As everyone knows, Scripture takes a very dim and stern view of sin because it is failure to live up to God's standard and destroys relationships, especially our relationship with God. After identifying the types and levels of sin, John Ritenbaugh suggests that the fear of God provides us the necessary motivation to overcome our iniquities.
The first six element of motivation were positive, but the last in negative. John Ritenbaugh explains that our fear of being judged negatively by our Judge should spur us to greater obedience and growth toward godliness.
John Ritenbaugh, after a thorough analysis of the seven churches in Revelation 2 and 3, concludes that the seven conditions described (all having a common denominator an admonition to hold fast to something once given, but slipping away- namely the faith once delivered - Jude 3) are both sequential and contemporaneous, applying to groups now extant as well as individuals within the groups. All of us have these conditions within us to one degree or another. The scattering of the churches was an act of love by Almighty God to wake us up out of our passive, lethargic, faithless condition. The antidote to this splitting and scattering is to make the feeding of the flock our top priority, in which all the body, not just the ministry, participates to nurture one another, encouraging each other to return to the faith once delivered.

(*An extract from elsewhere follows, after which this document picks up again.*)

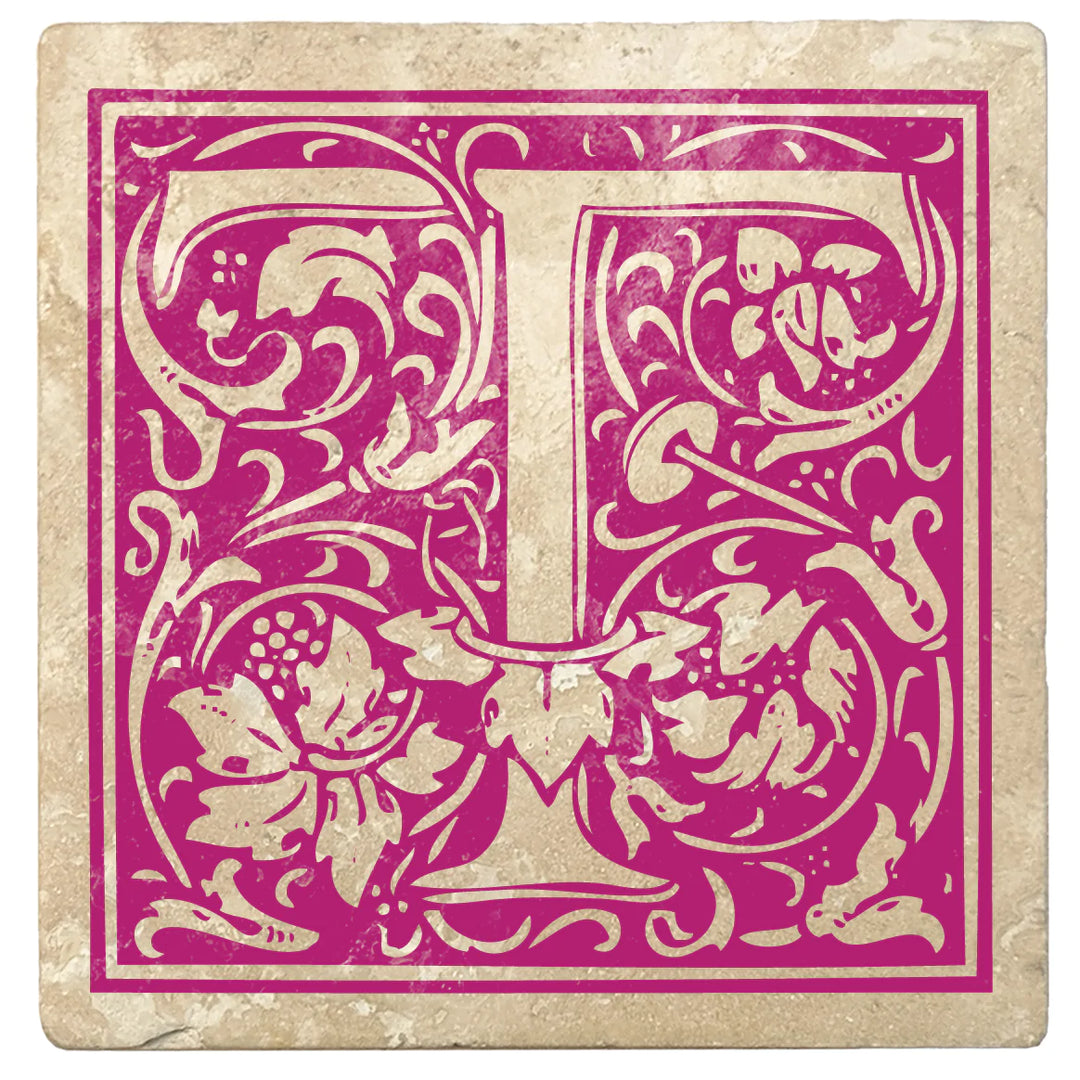 4" Absorbent Stone Monogram Coasters, Tutti Frutti Pink, 2 Sets of 4, 8 Pieces - Christmas by Krebs Wholesale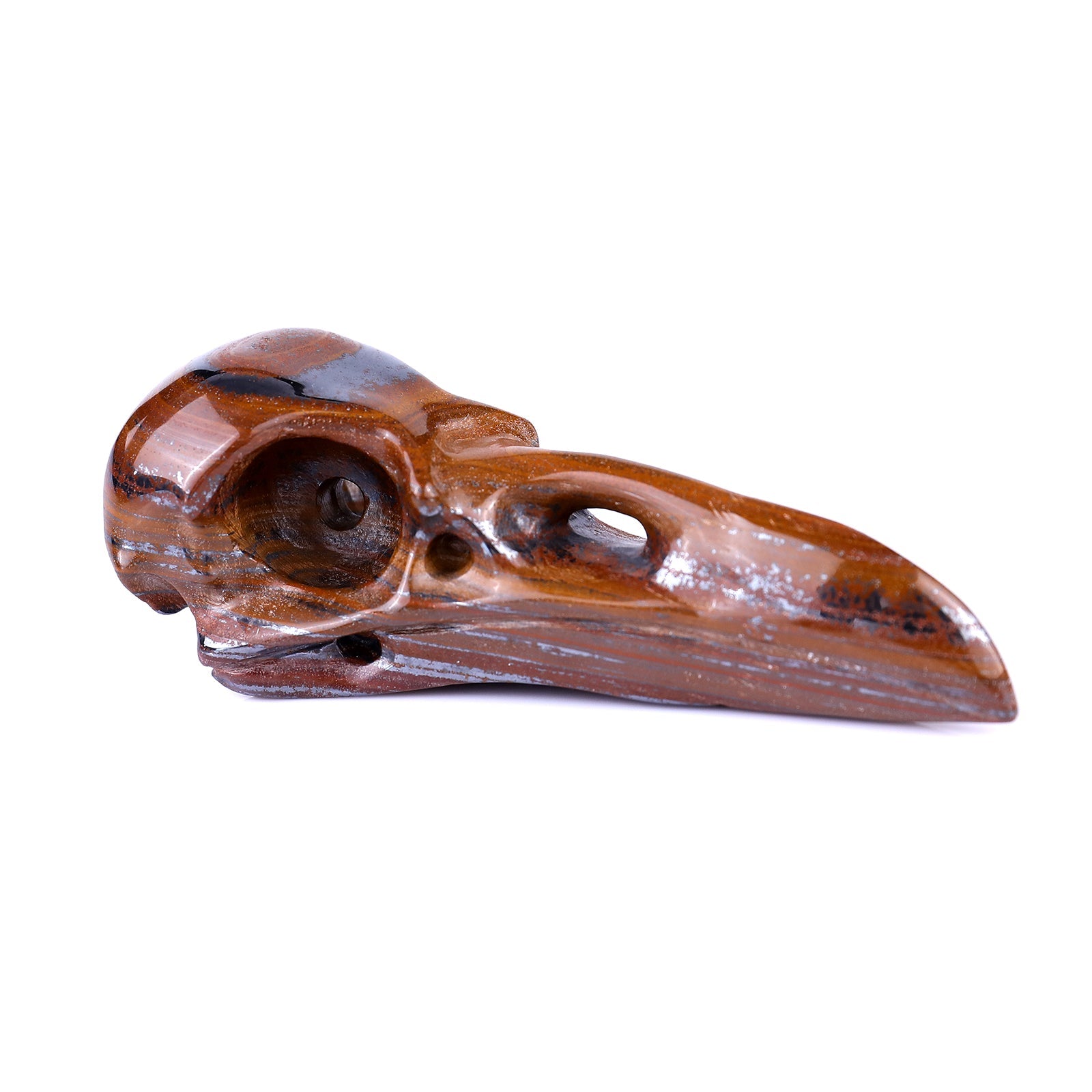 Nicedony 4.6" Tiger Iron Eye Hand Carved Raven Skull Sculpture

John Ritenbaugh reminds us that God has commanded the book of Deuteronomy to be reviewed every seven years, at the time of release. Deuteronomy, the reiteration of God's Law given in preparation for entering the Promised Land contains the testimony written in stone by the finger of God, serving as the basis for both justice and mercy. The Book of the Law (Deuteronomy) was placed along side the Tablets of the Law as a perpetual testimony and a witness. Deuteronomy could be considered the New Testament of the Old Testament, serving as an elaborate commentary on the Ten Commandments. Deuteronomy gives vision (a summary) for critical times (the narrow difficult path ahead involving a multitude of choices), preparing us for living (eternally as God lives) in the Promised Land (Kingdom of God).